Question

What is the greater: \[{{1000}^{1000}}\] or \[{{1001}^{999}}\]?

Answer 1

Hint: This type of question depends on the basic rules of logarithm. Here instead of natural log we use logarithm to the base 10. We have to use the rule \[\log \left( {{a}^{m}} \right)=m\log a\] . Also in this question we use the value of \[\log 1000=\log \left( {{10}^{3}} \right)=3\log 10=3\], \[\log 1001=3.0004\] . Also we have to take into consideration that as that of \[\ln e=1\] the value of \[\log \left( 10 \right)=1\] . Also we have to use the term of rounding off to the nearest integer.

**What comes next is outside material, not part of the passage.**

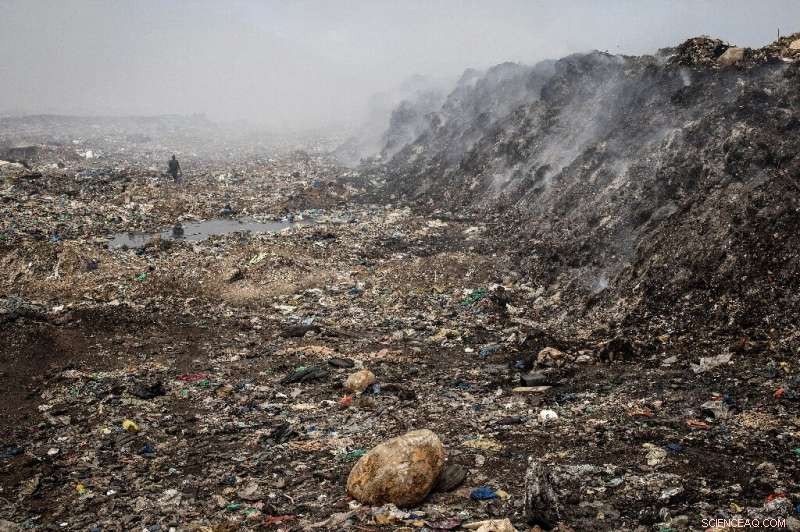 Future at Stake: Waste Pickers Fear Decline at Senegal s Mega Dump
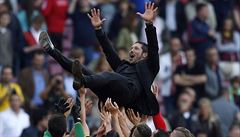 Diego Simeone, trenér fotbalist Atlétika, si uívá oslavy na rukou svých...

Complete step-by-step answer:
Now, we have to check which one is larger \[{{1000}^{1000}}\] or \[{{1001}^{999}}\]
For this, consider, \[{{1000}^{1000}}\]
Applying logarithm to the base 10 we can write,
\[\Rightarrow \log \left( {{1000}^{1000}} \right)=1000\log \left( 1000 \right)\]
But, 1000 can be expressed as \[{{10}^{3}}\] Hence,
\[\Rightarrow \log \left( {{1000}^{1000}} \right)=1000\log \left( {{10}^{3}} \right)\]
Now, by the rule of logarithm \[\log \left( {{a}^{m}} \right)=m\log a\] we get,
\[\Rightarrow \log \left( {{1000}^{1000}} \right)=1000\times 3\log \left( 10 \right)=1000\times 3=3000\]
Then consider, \[{{1001}^{999}}\]
Applying logarithm to the base 10 we can write,
\[\Rightarrow \log \left( {{1001}^{999}} \right)=999\log \left( 1001 \right)\] By the rule of logarithm\[\log \left( {{a}^{m}} \right)=m\log a\]
But \[\log 1001=3.0004\] Hence,
\[\Rightarrow \log \left( {{1001}^{999}} \right)=999\times 3.0004=2997.3996\approx 2997\]
Now, as \[3000>2997\]we can write,
\[\Rightarrow \log \left( {{1000}^{1000}} \right)>\log \left( {{1001}^{999}} \right)\]
As logarithm is an increasing function we can write,
\[\Rightarrow \left( {{1000}^{1000}} \right)>\left( {{1001}^{999}} \right)\] ,
\[\left( {{1000}^{1000}} \right)\] is greater than \[\left( {{1001}^{999}} \right)\].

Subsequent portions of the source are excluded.